View attachment 9487

I plan on using such a converted bicycle for several reasons:
1) Approximately 180 miles per gallon.
2) Extremely cheap and easy to maintain, due to simplicity of parts.
3) Can cannibalize parts off other bicycles.
4) Can go off road.
5) Can be pedaled when and/or if gas runs out....or if complete silence is desirable.
6) Can be pushed or carried through flooding, across blocked roads, around fences, and so on.
7) Can be readily converted back into a normal bicycle.
8) Can be easily concealed.
9) Can be used as a kind of back-up (ie: a "life boat") if your truck breaks down.
10) Is totally immune to EMP from either a nuke or a solar event, as it's entirely mechanical.
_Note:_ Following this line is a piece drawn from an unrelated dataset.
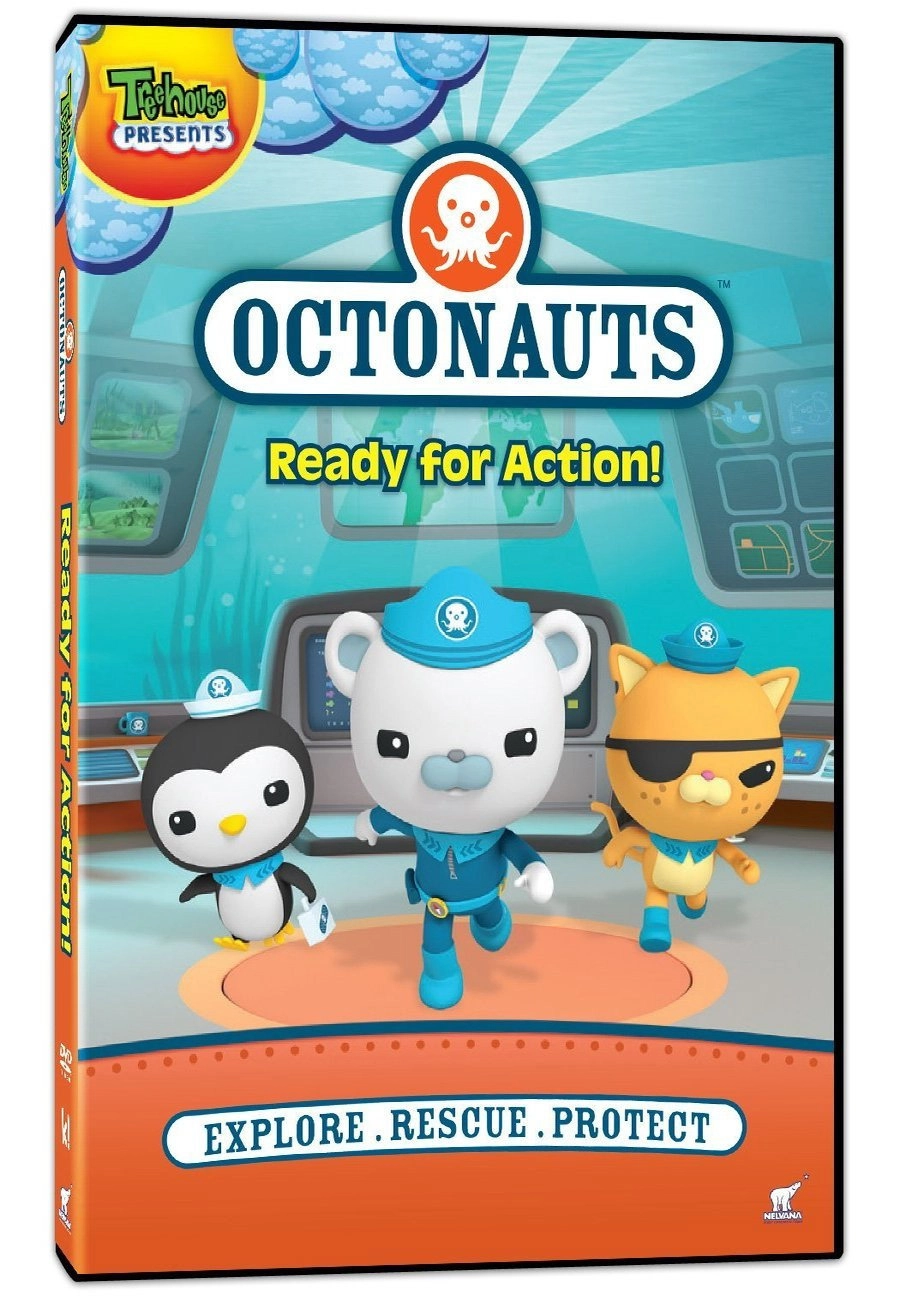 Octonauts Ready For Action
I plan to attach a bike trailer (which will--I admit--eat into the milage) like the one below:

View attachment 9488

I know that I may get a lot of static for my arguments, but prepping (for me) as always been about skills, not stuff.

If I'm bugging out, I want mobility.....and the mindset of being high-speed and low drag.

I can carry enough stuff with this approach to last for quite a while on the road.

Even if you guys don't agree with me, at least tell me that you can see my points.
Honestly I think it’s a great idea. I’ve thought an electric version would be good too with solar panels to recharge it. The main advantage of electric is silence. Neither gas or batteries will last for too long, but I think both are a good idea.